La intolerancia, que a menudo crea violencia, nace muchas veces del desconocimiento. Lo desconocido nos produce miedo y este temor, en ocasiones, nos hace revolvernos y considerar que lo que no conocemos no puede ser bueno, sin tomarnos la molestia de intentar comprender estos otros comportamientos, lo que siempre acabaría beneficiando el enriquecimiento personal que conlleva el intercambio de culturas.
El exceso de orgullo nos hace también ser intolerantes. Si creemos que nuestro pensamiento o nuestras acciones son las mejores, si creemos realmente estar en posesión de la verdad absoluta, difícilmente conseguiremos ser tolerantes. Todo lo que los demás hagan, si es distinto a lo que nosotros consideramos, es malo y, por lo tanto, hay que eliminarlo.

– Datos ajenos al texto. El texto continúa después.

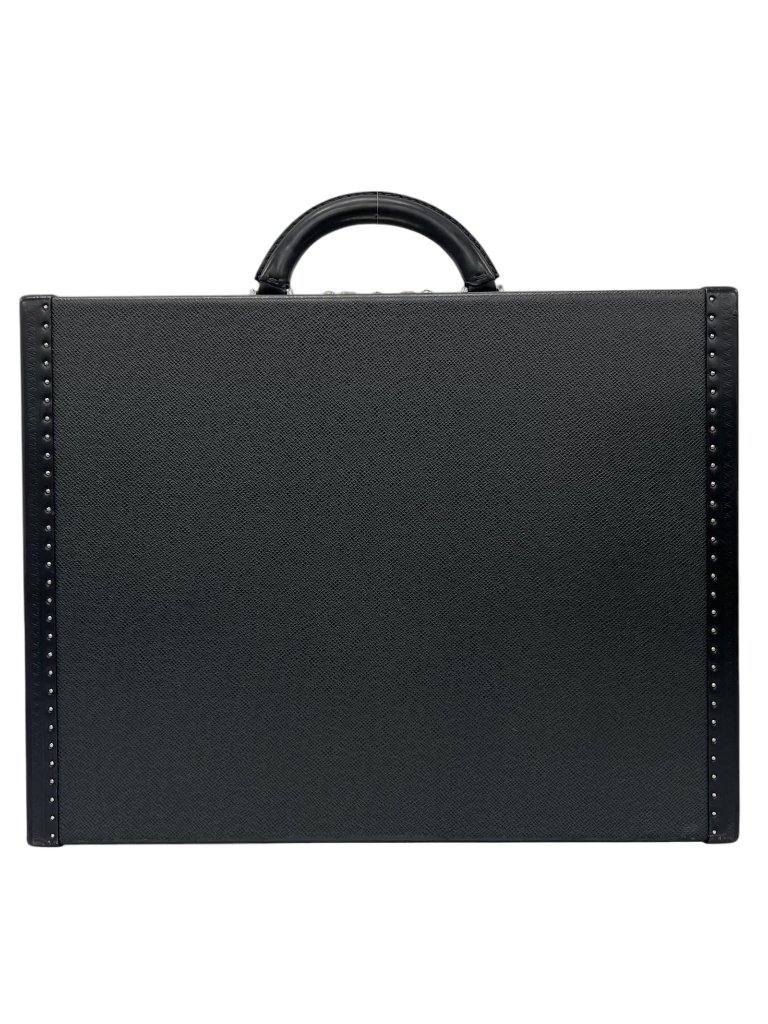 Cartier President Attache Case Leather Black Trunk Silver
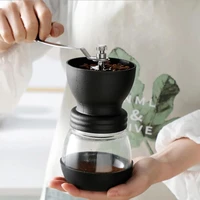 portable coffee pot coffee machine hand cranked home coffee grinder coffee bean grinder boiled milk coffee kettle for gift 1set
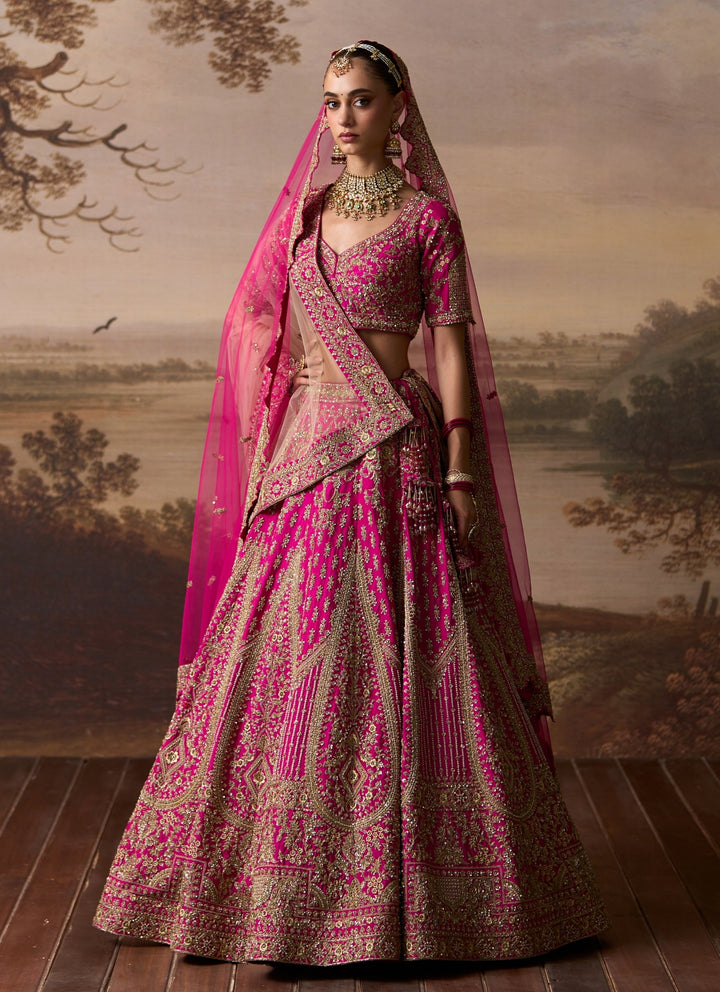 Hot Pink Embroidered Raw Silk Bridal Lehenga
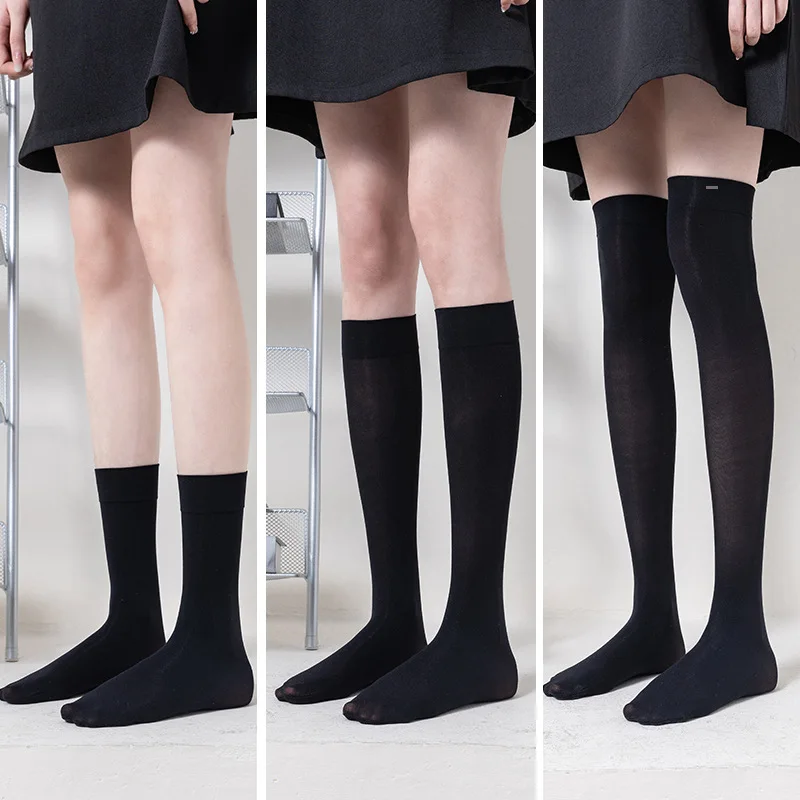 Pantyhose JK Woman Long Opaque Black White Velvet Lolita Solid High Over Knee Elastic Socks Fashion Cosplay Sexy Thigh Stockings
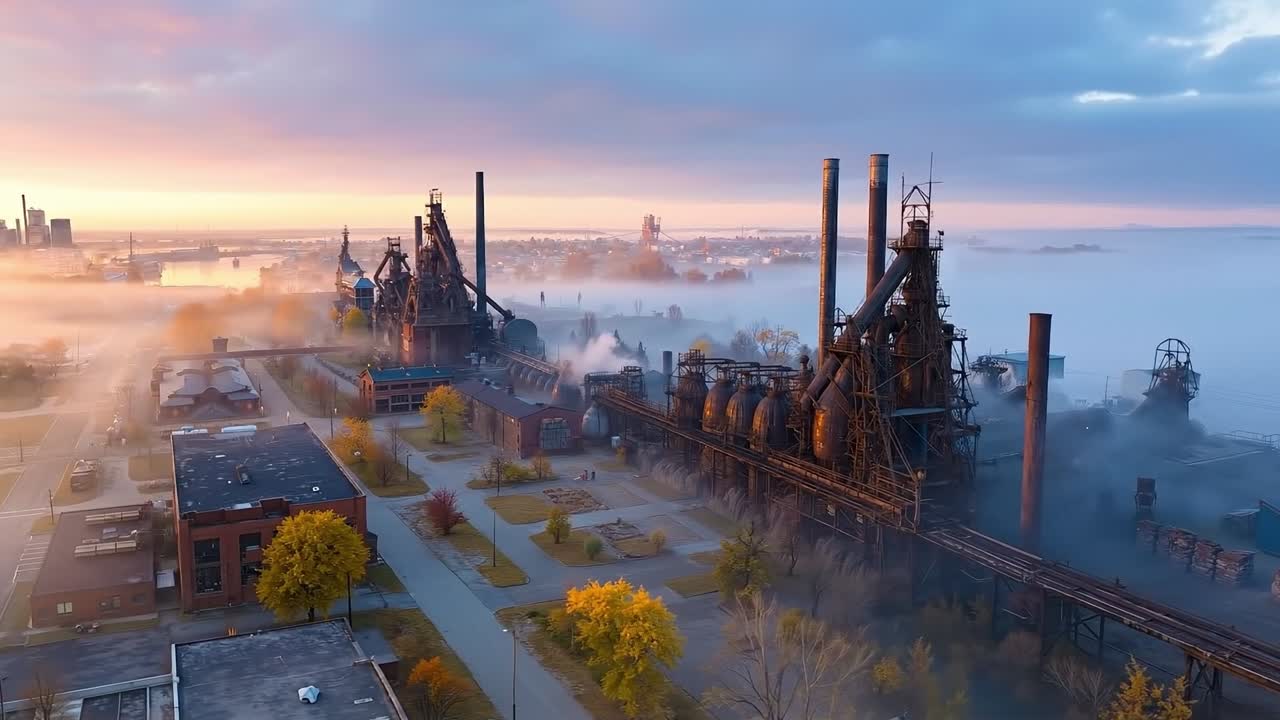 A view of an industrial area with a lot of smoke coming out of the chimneys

Todo ello nos lleva a reflexionar que la tolerancia tiene que ser plantada en el corazón de todos los niños. Las familias y los educadores tienen que explicar a los más pequeños que, en esencia, todos somos iguales, y que las diferencias externas son buenas porque, de esta manera, todos seremos iguales, pero diferentes.
Los niños son el futuro del mundo. Y si conseguimos que esta semilla germine no tenemos que tener duda de que el mundo del futuro será tolerante y justo.
Un mundo donde todos podremos vivir sin el temor de ser rechazados por ser diferentes.